The admission actually occurs in his textbook, where … he admits that financial crises “do occur from time to time.”

“Finally, keep in mind that this financial crisis was not the first one in history. Such events, though fortunately rare, do occur from time to time. Rather than looking for a culprit to blame for this singular event, perhaps we should view speculative excess and its ramifications as an inherent feature of market economies. Policymakers can respond to financial crises as they happen, and they can take steps to reduce the likelihood and severity of such crises, but preventing them entirely may be too much to ask given our current knowledge.”

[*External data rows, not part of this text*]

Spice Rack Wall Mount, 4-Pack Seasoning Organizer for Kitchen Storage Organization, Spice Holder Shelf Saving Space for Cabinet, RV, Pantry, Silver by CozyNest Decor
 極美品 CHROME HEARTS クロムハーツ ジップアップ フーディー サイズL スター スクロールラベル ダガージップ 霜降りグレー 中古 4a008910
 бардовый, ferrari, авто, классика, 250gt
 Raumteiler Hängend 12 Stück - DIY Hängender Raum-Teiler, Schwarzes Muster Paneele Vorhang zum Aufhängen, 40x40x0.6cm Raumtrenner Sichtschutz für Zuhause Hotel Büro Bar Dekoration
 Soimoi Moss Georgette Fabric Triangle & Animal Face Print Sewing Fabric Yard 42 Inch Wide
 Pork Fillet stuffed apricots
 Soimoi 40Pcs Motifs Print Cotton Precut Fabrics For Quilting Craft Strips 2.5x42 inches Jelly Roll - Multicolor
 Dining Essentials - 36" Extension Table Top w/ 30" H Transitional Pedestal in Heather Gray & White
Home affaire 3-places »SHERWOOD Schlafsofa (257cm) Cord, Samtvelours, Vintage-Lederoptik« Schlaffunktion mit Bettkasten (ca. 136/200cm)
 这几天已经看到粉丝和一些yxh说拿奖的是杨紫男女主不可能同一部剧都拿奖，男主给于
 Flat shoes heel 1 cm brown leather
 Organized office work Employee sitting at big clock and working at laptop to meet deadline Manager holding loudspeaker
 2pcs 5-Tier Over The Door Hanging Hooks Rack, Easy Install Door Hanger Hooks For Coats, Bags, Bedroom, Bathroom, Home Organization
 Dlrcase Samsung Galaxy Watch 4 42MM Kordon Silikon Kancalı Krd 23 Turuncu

Yes, indeed, “speculative excess and its ramifications” are in fact “an inherent feature” of capitalist economies. But then, Mankiw adds, “preventing them entirely may be too much to ask given our current knowledge.”

What Mankiw sees as a problem of knowledge is what the rest of us see as a problem of economic institutions. It’s precisely because the economic system is arranged so that a tiny minority at the top is able to continue to capture the surplus that financial crises occur on a regular basis.

What the rest of us know is that defending the 1 percent is precisely what will guarantee more financial crises in the future.

David Ruccio


1 Comment

  1. If there is one measure that would ameliorate financial crises, it is to outlaw the basic activity carried out by banks for centuries. That is, 1, accepting deposits, 2, lending on the money in way that is less than 100% safe, while 3, promising to return to depositors the exact sum deposited. That is a fraudulent promise. As Martin Wolf, chief economics commentator at the Financial Times said, “If we were not so familiar with banking, we would surely treat it as fraudulent”.

    The solution to that problem is to ensure that those who deposit money at banks and who want their money loaned on so that they can earn interest, have to foot the bill when those loans go wrong, as Milton Friedman correctly pointed out decades ago.